WHAT NEEDS TO BE DONE:
Write out exactly the lines below from the one containing "Green color necklace" to the last, both ends kept, and nothing more; skip all pictures.

MATERIAL PROVIDED:
————

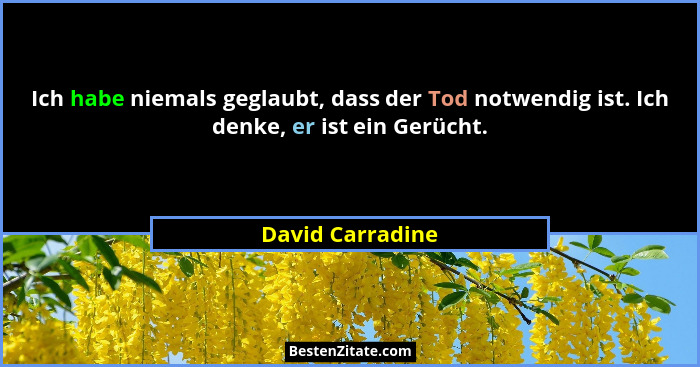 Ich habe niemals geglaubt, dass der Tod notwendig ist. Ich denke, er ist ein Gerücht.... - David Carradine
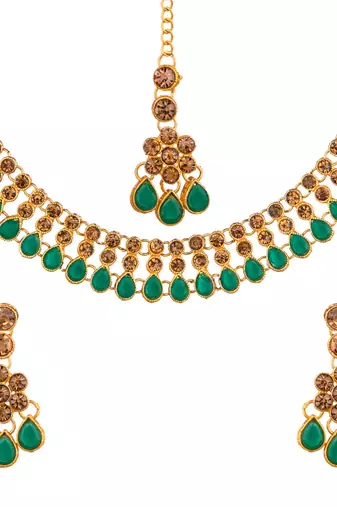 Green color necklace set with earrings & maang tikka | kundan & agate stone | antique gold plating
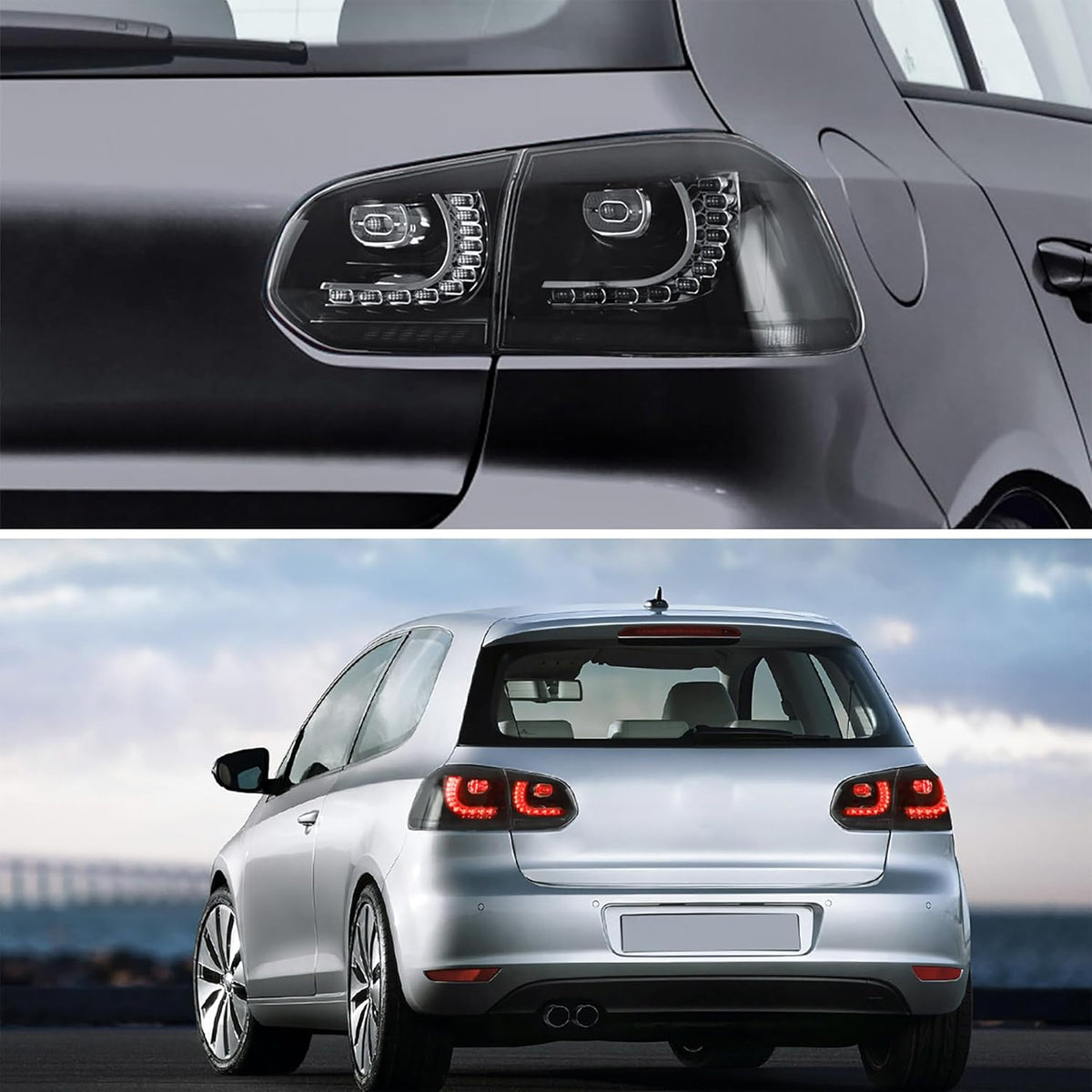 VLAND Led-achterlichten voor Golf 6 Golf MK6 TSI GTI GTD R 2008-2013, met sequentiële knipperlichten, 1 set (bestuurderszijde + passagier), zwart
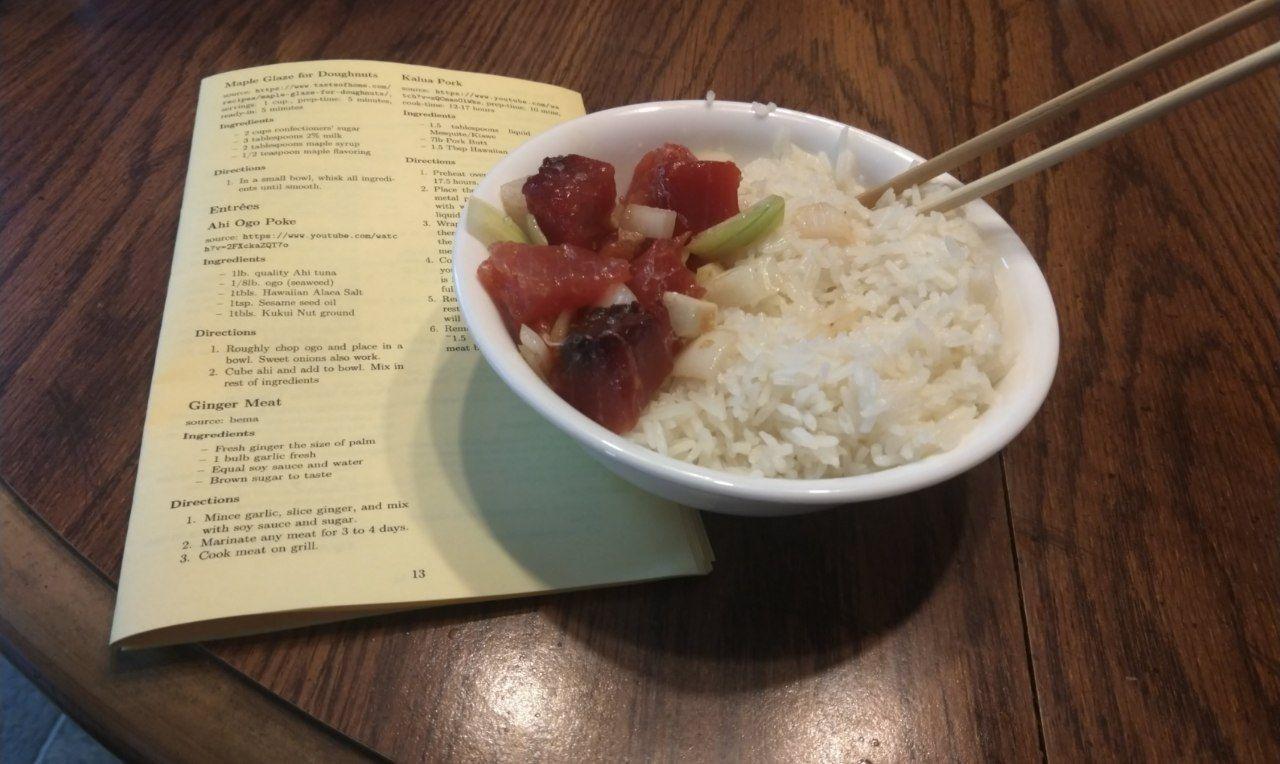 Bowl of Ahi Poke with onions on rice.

————

EXERCISE RESPONSE:
 Green color necklace set with earrings & maang tikka | kundan & agate stone | antique gold plating
 VLAND Led-achterlichten voor Golf 6 Golf MK6 TSI GTI GTD R 2008-2013, met sequentiële knipperlichten, 1 set (bestuurderszijde + passagier), zwart
 Bowl of Ahi Poke with onions on rice.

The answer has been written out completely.